Der Pflichtteil muss dem Noterben seit der Erbrechtsreform 2015 gem. § 762 ABGB nicht mehr frei bleiben, sondern kann jetzt auch belastet werden, z.B. mit einer Nacherbschaft. Daher kann der Pflichtteilsberechtigte seinen Pflichtteil auch dann nicht mehr verlangen, wenn er zum Nacherben eingesetzt worden ist, wenn sein Erbteil mit der Testamentsvollstreckung belastet ist oder er seinen Pflichtteil in Form einer vermächtnisweisen Zuwendung eines Anteils an einer Personengesellschaft erhält, der vinkuliert ist. Der durch die Belastung entstehende Nachteil ist freilich bei der Bewertung seines Erwerbs zu berücksichtigen. Nur soweit, wie der Pflichtteil durch die Zuwendung nicht gedeckt ist, kann der Pflichtteilsberechtigte seinen Pflichtteil dann noch in Form einer Geldzahlung verlangen, § 763 ABGB.

 

Rz. 312

Der Berechnung ist der Netto-Nachlasswert, vermindert um Nachlassschulden, Todesfallschulden, Kosten der Nachlassverwaltung etc., zugrunde zu legen. Vermächtnisverbindlichkeiten und Erbschaftsteuer können nicht abgezogen werden, Schenkungen auf den Todesfall sind einzubeziehen. Es gilt der Verkehrswert, auch bei Grundstücken. Ausgenommen sind die Erbhöfe. Für die Bewertung landwirtschaftlicher Grundstücke hat die Rechtsprechung zudem eine Begünstigung des Erben eingeführt: Zwar ist grundsätzlich vom Ertragswert auszugehen. Als Pflichtteil sei aber nur so viel zu zahlen, dass der testamentarische Erbe in der Lage bleibt, die Ansprüche ohne große wirtschaftliche Nachteile zu erfüllen. Die Lebensfähigkeit des Hofes (Wohl-Bestehen-Können) dürfe nicht in Mitleidenschaft gezogen werden.[343]

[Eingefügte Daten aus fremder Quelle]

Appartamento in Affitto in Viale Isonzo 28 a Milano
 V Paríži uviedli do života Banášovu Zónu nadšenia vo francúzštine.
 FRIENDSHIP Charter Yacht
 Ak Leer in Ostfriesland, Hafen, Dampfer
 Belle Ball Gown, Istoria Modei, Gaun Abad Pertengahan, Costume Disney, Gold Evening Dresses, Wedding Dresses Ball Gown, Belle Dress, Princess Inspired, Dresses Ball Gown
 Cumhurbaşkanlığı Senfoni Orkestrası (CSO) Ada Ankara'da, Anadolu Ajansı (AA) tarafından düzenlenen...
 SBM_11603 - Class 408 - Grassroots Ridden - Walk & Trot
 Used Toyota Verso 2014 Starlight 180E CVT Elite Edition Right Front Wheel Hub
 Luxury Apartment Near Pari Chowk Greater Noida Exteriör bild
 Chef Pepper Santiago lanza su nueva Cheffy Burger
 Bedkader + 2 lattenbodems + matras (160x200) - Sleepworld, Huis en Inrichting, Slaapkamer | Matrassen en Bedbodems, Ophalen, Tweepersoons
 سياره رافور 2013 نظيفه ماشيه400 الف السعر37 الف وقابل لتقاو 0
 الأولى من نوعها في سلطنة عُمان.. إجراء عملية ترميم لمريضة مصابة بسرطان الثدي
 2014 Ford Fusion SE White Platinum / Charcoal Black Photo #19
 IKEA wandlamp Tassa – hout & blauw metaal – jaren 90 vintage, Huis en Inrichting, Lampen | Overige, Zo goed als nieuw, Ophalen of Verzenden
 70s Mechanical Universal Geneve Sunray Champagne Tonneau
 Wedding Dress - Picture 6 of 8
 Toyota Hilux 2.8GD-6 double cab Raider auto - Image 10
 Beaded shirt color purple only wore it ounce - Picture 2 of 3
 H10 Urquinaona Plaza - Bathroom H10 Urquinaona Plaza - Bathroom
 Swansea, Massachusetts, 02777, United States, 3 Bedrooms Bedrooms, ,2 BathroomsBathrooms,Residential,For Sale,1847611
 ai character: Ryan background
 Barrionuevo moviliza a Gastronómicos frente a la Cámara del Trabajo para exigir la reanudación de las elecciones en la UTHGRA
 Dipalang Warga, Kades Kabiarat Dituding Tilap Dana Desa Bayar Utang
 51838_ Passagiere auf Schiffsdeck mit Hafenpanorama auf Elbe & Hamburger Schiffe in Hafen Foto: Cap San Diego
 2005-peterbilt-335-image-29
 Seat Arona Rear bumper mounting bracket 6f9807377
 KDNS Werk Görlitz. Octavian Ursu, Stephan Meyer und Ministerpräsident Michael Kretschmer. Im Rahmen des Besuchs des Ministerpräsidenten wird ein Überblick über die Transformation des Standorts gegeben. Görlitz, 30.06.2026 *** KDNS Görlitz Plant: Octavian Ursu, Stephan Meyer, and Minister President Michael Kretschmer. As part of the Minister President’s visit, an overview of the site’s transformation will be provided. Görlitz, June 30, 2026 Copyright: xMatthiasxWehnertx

[339] Öst. BGBl I 2015/87.
[340] Übersicht über den Meinungsstand bei Samek, Pflichtteilsrecht, S. 110 ff.; Stabentheimer, in: Rummel, ABGB-Kommentar, § 142 Rn 4; Eccher, in: Schwimann, ABGB-Praxiskommentar, § 796 Rn 5; Umlauft, Anrechnung, S. 51; Welser, in: Rummel, ABGB-Kommentar, § 796 Rn 9.
[341] Welser, in: Rummel, ABGB-Kommentar, § 796 Rn 2: "Erbgangsschuld".
[342] Vgl. Henrich, in: FS Gernhuber, S. 668 ff.
[343] OGH SZ 45/1989; Maurer, Erben und Vererben auf österreichisch, 5. Aufl., Wien 1999, Rn 175; Eccher, in: Schwimann, ABGB-Praxiskommentar, § 784 Rn 7: "bäuerliches Gewohnheitsrecht".